Spline regression in PyMC3

10 minute read

Published:

Linear regression is a useful tool but is limited in the expressivity of functional relations which it can capture. Once we move to nonlinear regression, we have tons of options and a hard question to answer - how do we specify our model?

One of the most popular options is to use a piecewise polynomial representation. That is, we take multiple polynomials and stitch them together at break or control points. If we intelligently choose the right basis for this function, then are also guaranteed that the polynomials (and their derivatives) will agree at the control points. That’s the underlying idea behind splines.
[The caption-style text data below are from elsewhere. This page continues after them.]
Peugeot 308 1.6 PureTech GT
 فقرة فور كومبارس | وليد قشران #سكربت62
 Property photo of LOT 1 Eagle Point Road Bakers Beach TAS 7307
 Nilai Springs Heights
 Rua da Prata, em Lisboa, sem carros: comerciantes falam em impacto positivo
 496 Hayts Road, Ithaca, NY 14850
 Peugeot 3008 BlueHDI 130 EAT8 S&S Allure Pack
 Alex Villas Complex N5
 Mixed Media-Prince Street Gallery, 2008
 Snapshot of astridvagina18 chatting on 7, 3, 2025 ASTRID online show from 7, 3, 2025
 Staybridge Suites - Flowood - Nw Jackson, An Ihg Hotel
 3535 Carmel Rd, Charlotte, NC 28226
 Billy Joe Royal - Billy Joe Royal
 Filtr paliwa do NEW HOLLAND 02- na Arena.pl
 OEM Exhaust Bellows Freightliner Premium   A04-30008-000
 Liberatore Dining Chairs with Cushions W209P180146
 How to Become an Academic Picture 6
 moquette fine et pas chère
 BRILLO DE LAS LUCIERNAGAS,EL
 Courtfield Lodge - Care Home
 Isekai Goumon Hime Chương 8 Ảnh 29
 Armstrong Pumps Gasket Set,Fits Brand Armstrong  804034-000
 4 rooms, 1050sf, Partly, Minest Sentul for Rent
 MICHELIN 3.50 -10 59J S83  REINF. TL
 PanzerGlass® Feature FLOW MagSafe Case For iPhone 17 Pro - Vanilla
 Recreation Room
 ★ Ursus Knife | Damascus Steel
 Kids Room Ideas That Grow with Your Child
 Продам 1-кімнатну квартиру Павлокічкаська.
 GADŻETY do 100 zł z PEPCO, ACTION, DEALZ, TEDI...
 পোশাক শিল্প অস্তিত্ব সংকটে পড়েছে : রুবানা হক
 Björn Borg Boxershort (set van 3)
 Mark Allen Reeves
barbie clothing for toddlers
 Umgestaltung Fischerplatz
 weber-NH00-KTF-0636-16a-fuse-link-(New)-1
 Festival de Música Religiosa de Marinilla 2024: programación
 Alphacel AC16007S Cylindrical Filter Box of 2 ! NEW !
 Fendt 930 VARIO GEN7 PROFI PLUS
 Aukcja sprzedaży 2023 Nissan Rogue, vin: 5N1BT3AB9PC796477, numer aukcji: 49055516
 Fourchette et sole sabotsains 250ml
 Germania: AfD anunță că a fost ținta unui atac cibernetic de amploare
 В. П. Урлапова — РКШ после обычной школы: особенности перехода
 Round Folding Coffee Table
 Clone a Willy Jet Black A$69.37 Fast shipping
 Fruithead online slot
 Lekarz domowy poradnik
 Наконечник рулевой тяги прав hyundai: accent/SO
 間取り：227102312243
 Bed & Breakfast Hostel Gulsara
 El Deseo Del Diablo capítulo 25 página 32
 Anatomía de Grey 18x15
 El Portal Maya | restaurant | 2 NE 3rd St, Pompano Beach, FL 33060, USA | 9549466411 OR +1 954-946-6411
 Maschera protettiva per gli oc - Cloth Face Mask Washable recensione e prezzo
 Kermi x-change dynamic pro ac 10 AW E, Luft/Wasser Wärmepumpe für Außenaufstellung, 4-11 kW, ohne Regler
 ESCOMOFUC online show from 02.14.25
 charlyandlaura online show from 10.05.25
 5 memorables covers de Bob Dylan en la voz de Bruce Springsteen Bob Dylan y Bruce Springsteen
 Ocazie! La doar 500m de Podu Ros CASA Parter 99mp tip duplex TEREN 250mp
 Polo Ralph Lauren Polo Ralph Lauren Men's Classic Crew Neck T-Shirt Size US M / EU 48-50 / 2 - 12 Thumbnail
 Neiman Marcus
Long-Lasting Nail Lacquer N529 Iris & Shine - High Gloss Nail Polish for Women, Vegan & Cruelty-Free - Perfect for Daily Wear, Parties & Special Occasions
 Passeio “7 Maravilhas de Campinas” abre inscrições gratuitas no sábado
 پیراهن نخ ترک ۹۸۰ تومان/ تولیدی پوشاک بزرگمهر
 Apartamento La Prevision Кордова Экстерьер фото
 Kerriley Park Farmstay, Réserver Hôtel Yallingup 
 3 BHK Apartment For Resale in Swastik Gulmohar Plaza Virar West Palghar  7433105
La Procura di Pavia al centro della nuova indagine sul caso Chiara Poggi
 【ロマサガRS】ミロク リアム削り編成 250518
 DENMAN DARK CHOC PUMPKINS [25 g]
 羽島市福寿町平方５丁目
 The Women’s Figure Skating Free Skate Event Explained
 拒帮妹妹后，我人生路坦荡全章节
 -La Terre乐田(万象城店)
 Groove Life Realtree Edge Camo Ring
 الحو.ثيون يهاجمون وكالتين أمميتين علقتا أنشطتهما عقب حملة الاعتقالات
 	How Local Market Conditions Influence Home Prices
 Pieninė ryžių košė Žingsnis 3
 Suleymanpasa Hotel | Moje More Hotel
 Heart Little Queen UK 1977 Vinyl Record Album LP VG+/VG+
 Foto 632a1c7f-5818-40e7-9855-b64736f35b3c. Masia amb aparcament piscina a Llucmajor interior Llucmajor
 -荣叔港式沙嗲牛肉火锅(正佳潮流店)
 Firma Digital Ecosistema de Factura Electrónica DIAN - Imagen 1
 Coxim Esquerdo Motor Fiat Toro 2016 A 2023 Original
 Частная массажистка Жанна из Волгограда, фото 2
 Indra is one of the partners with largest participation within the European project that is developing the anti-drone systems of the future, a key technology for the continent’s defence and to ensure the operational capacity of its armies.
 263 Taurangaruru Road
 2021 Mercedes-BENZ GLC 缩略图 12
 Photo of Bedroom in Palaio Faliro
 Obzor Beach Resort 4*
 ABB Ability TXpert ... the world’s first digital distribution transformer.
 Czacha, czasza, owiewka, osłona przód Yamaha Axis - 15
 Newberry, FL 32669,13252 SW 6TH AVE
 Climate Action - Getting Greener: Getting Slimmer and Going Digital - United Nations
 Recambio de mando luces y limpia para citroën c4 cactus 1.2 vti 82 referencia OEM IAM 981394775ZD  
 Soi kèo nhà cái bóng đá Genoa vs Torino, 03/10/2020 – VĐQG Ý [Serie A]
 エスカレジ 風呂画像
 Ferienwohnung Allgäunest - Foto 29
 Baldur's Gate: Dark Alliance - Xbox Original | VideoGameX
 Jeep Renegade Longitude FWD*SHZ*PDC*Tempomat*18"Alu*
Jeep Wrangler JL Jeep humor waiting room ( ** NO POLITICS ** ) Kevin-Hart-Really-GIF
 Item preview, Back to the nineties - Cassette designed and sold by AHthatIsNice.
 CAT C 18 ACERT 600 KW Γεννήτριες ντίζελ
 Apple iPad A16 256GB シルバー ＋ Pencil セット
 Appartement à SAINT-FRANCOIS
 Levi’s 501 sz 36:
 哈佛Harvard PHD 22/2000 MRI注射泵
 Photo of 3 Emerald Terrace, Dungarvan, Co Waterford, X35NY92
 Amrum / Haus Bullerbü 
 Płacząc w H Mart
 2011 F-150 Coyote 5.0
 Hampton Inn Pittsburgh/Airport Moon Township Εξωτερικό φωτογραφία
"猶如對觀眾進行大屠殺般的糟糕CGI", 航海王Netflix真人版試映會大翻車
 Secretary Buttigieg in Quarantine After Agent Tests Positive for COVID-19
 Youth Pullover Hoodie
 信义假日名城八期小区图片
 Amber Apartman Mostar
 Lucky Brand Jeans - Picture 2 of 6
There is a convenient basis for a spline function in terms of other splines which is generally referred to as a basis-spline or B-spline. In this notebook, I’ll go over a simple example of using a B-spline component in a regression model. Most of the Theano code is cribbed directly from the Github account of the Kundaje lab at Stanford and appears to have been written by a researcher named Nathan Boley. I’d like to share it here (with modification) so that we can see how to use a flexible function approximation scheme like a B-spline to loosen our modeling assumptions.

If you’re new to modeling with B-splines, I suggest reading the Wikipedia page or this page from Ching-Kuang Shene at Michigan Tech

Imports

As usual, the main packages we’ll use are PyMC3 and Theano. Numpy is used only to help generate some synthetic data. Matplotlib is used to visualize the results.

import matplotlib.pyplot as plt
import numpy as np
import theano
import theano.tensor as tt
import pymc3 as pm
%matplotlib inline

Theano can be fairly picky with its settings. These directives specify to always use a more-expressive data type and to bypass test value checking.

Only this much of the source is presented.